EI: My grandfather was an illustrator and graphic designer, my dad is an illustrator and graphic designer and my mom is a painter. I grew up having “gallery openings” in the hallways of our house — selling paintings for a dime or maybe a quarter. My parents were always exposing me to art — through museums or projects or books.
I started experimenting with batik in high school because my art teachers ran out of classes for me to take. I loved drawing on the fabric with wax and even had the idea to draw with the sewing machine. (I didn’t know at the time that there was such thing as free motion embroidery.)
My love of fabric and tactile processes was evident so I went to Savannah College of Art and Design and majored in Fibers. I bounced around with different processes in college but one thing always remained — I couldn’t stop drawing. Print design came very naturally to me and I discovered it to be commercially viable out of school. So here I am!
SPDG: Describe your style and how you arrived at it.
EI:I would describe my style as folky, yet clean and lighthearted with a bit a quirk. I am inspired by modern Japanese design, as well as folk art from South America and Scandinavia. I collect antiquated children’s books that are full of content that is a little off kilter. I have very specific taste so I am confident that as my work evolves and changes, it will always be recognizable.
SPDG: Who are some of your favorite artists and designers, past and present?
EI: Past – Mary Blair, Edouard Vuillard, Alexander Calder (his circus work), James Castle, Virginia Lee Burton
Present - Celia Birtwell, Jen Corace, Beci Orphin
SPDG: What is the mission behind the Emily Isabella brand?
EI: The mission behind my brand is to bridge the gap between childhood and adulthood. Life is not always cheerful but if we work to remember how we felt as children, we can approach each obstacle with a lighter heart. The hope is that Emily Isabella products serve as reminders of this theory.
EI: We have an open floor plan in our home so my studio is sort of in the middle of the house. My husband and I are always creating so it makes sense that the studio is the center of our home. It is partitioned by an open bookshelf of art books and children’s books that I often reference.
The thing I love most about my studio is that houses all my inspirational belongings. My studio walls are filled with samples of my work, inspirational objects and odd little photos or treasures that I have found, made, or have been given. It is a happy mess!
SPDG: Do you generally work alone? If so, what do you do to combat loneliness (assuming you get lonely)?
EI: I work alone, yes, but my husband is always nearby in his workshop where he runs his furniture business. Also our cat has quite the presence. I really don’t get lonely, my ideas keep me busy and I suppose I have the personality for working solo.
SPDG: What was your first job doing surface pattern design and how did you get it?
EI: My first surface pattern design job was a children’s collection of wallpaper for Hygge & West. Since then I have done four new designs for them. I am trying to remember how I got the job…I think I just emailed them!
SPDG: How did you get started working with the agency Colette and Blue?
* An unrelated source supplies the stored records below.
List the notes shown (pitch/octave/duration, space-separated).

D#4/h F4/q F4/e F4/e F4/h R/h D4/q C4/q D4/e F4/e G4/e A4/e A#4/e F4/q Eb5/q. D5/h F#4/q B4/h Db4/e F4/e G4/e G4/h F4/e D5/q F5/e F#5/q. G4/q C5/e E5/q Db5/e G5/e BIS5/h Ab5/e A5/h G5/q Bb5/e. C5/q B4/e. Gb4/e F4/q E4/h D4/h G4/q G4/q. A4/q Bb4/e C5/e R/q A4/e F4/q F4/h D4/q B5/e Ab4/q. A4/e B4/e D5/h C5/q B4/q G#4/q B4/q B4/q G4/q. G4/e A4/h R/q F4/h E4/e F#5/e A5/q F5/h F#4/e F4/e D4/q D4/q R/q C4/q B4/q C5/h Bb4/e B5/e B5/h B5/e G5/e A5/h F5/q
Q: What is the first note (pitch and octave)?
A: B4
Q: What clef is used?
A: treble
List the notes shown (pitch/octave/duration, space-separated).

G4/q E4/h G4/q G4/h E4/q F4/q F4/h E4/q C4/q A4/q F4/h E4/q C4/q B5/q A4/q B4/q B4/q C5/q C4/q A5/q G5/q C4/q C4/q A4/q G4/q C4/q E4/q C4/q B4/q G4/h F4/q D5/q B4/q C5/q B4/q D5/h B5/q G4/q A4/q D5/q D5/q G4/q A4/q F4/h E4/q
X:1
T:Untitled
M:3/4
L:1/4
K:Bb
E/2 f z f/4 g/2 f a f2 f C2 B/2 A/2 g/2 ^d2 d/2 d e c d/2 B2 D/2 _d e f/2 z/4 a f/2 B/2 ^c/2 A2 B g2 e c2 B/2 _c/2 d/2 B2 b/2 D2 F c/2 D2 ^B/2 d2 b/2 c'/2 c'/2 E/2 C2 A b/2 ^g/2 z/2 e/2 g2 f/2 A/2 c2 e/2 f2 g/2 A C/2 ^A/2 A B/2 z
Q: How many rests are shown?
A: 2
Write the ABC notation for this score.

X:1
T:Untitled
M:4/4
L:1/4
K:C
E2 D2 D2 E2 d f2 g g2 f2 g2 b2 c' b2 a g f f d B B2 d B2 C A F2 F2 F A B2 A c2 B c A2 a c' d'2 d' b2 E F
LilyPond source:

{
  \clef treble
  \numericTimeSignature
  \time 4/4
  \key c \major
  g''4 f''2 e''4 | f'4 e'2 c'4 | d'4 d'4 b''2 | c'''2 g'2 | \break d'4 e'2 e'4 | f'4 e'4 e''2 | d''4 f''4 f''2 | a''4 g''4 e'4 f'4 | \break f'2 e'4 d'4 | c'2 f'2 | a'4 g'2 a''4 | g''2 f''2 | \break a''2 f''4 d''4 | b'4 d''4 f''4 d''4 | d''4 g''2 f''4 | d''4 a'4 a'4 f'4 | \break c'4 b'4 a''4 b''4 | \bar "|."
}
Tell us a little about your experience working with an agent.
EI: A friend told me about Colette and Blue and I just emailed them as well! They are a great agency, the work I do for them is minimal but it pays off. They have a good grip on mainstream print and color trends and it helps broaden my spectrum of work since I have such specific personal taste.
SPDG: Describe what your dream surface pattern design project would be.
EI: I would love to design candy! The colors, the molds, the printed packaging, the boxes. I would also love to design playful wool area rugs and whimsical floral prints for fancy silk gowns.
Until those dream projects become realized, you can shop my line here and see my quilting fabric here!
SPDG: What advice would you give someone who wants to become a surface pattern designer?
EI: Draw, carry a sketchbook and always keep your eyes open. Inspiration is everywhere.